Install pip install flexpipe

Example

The following will create a tracker.json file, as well as the step MyTransform:

from flexpipe import Pipeline, Transformation

class MyTransform(Transformation):
    def process(self, *args, **kwargs):
        # You code here
        pass

with Pipeline("./out_dir") as pipe:
    pipe.start(
        MyTransform("my_arg"),
    )

Table of Contents

  1. Pipeline Class
  2. Tracker Class
  3. Transformation Class
  4. Logging

Pipeline Class

The Pipeline class coordinates a series of transformation steps, tracking the progress and managing the results of each step.

Attributes:

  • out (Path): Directory where pipeline outputs will be stored.
  • steps (list[Transformation]): List of Transformation objects representing the pipeline steps.
  • tracker (Tracker): A Tracker instance that manages tracking of pipeline steps.

Methods:

  • init(self, out: Path, steps: list["Transformation"]): Initializes the pipeline, creating an output directory and associating a list of transformation steps.
  • out: Path where the pipeline outputs will be saved.
  • steps: List of transformations to be executed.
  • start(self): Starts the pipeline, running each transformation step sequentially.
  • clean(self): Cleans up files created by the pipeline, depending on the tracker settings (e.g., cached files or step outputs).

Tracker Class

The Tracker class manages the state and progress of each step in the pipeline.
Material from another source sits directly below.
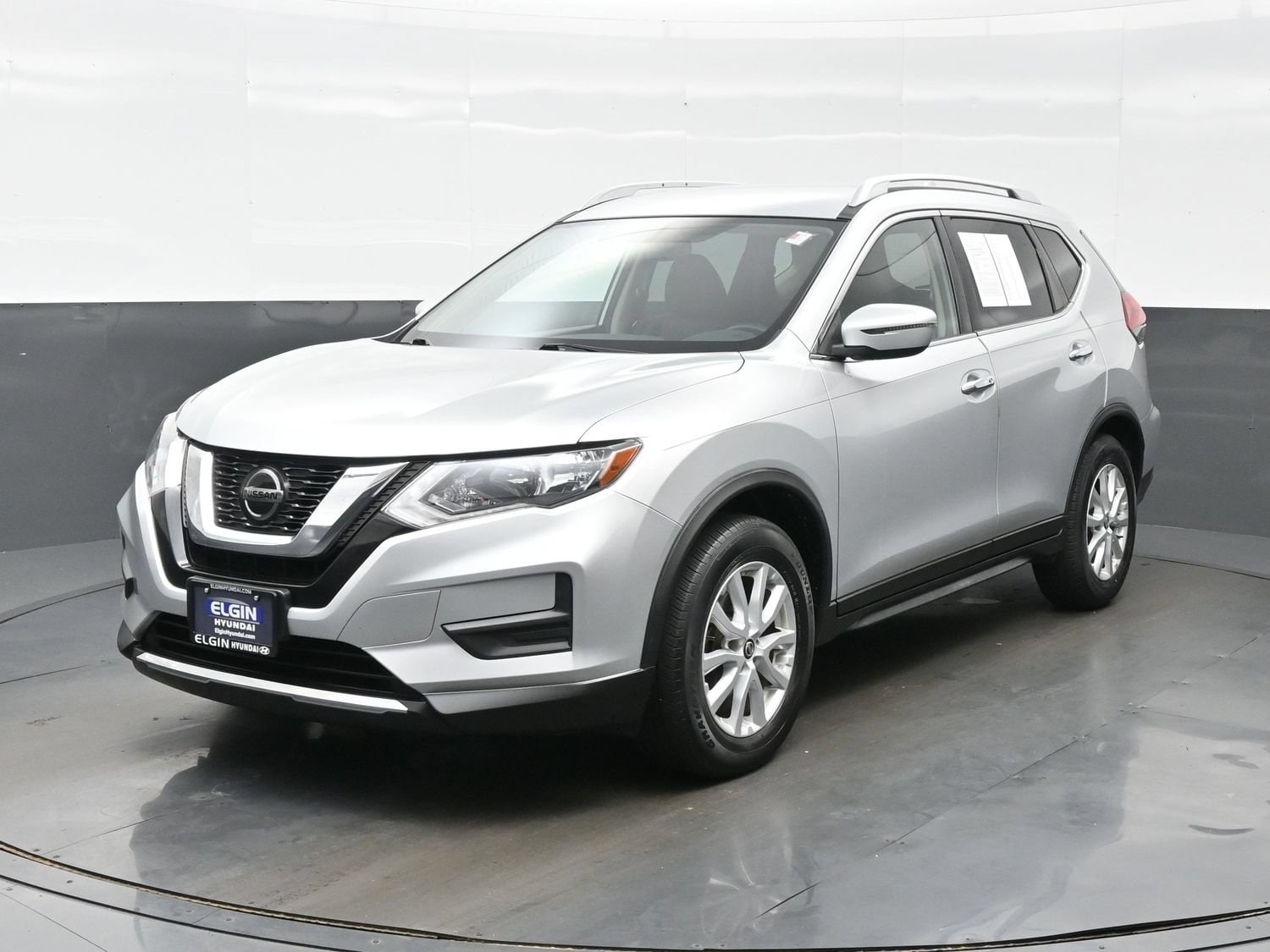 Used 2018 Nissan Rogue SV with VIN JN8AT2MT5JW455411 for sale in Bartlett, IL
It handles saving intermediate results, managing cache, and storing metadata.

Attributes:

  • out (Path): Directory where pipeline outputs will be stored.
  • fname (Path): Path to the tracker JSON file that stores the progress of each step.
  • steps (dict): Dictionary of steps with metadata tracking their start and end.
  • _meta (dict): Metadata about each step, including caching and deletion options.

Methods:

  • init(self, parent: Pipeline): Initializes the tracker, loading previous progress if available from tracker.json.
  • parent: The parent Pipeline instance.
  • clean_all(self): Cleans up all tracked outputs based on step metadata, such as deleting step outputs or cached CSV files.
  • start_step(self, tr): Starts tracking a step. If the step has already been completed and the lazy flag is set, the step is skipped.
  • tr: The transformation step to be started.
  • Returns: True if the step should be skipped (due to laziness and completion), otherwise None.
  • get_filename(self, fname, _class=None): Generates and returns the output file path for a specific step and filename. Tracks the output file in the step’s metadata.
  • fname: Name of the file to track.
  • _class: The transformation class instance associated with the step.
  • end_step(self, tr, df=None, meta=None): Marks the step as complete, optionally saving a DataFrame and metadata.
  • tr: The transformation step that just finished.
  • df: DataFrame to be saved (optional).
  • meta: Metadata to be saved (optional).
  • save(self): Saves the current progress and step information into the tracker.json file.
  • get_last_df(self) -> str: Retrieves the filename of the last output DataFrame from the most recent completed step.
  • Returns: Filename (string) of the most recent DataFrame output.

Transformation Class

The Transformation class defines individual steps in the pipeline. Each transformation can process data and optionally read from the output of the previous step.

Attributes:

  • args: Arguments passed to the transformation during initialization.
  • kwargs: Keyword arguments passed to the transformation during initialization.
  • lazy (bool): If True, the transformation is skipped if it has already been completed.
  • df (pd.DataFrame): The result DataFrame after processing the transformation.
  • meta (dict): Metadata associated with the transformation.
  • prev_df_fname (str): Filename of the previous step’s output DataFrame.
  • prev_df (pd.DataFrame): DataFrame from the previous step.
  • delete_step (bool): If True, the step’s output will be deleted during cleanup.
  • df_delete_cache (bool): If True, cached DataFrame files will be deleted during cleanup.

Methods:

__init__(self, *args, lazy=False, **kwargs):

Initializes the transformation with optional arguments and keyword arguments. The lazy flag can be used to skip already completed transformations.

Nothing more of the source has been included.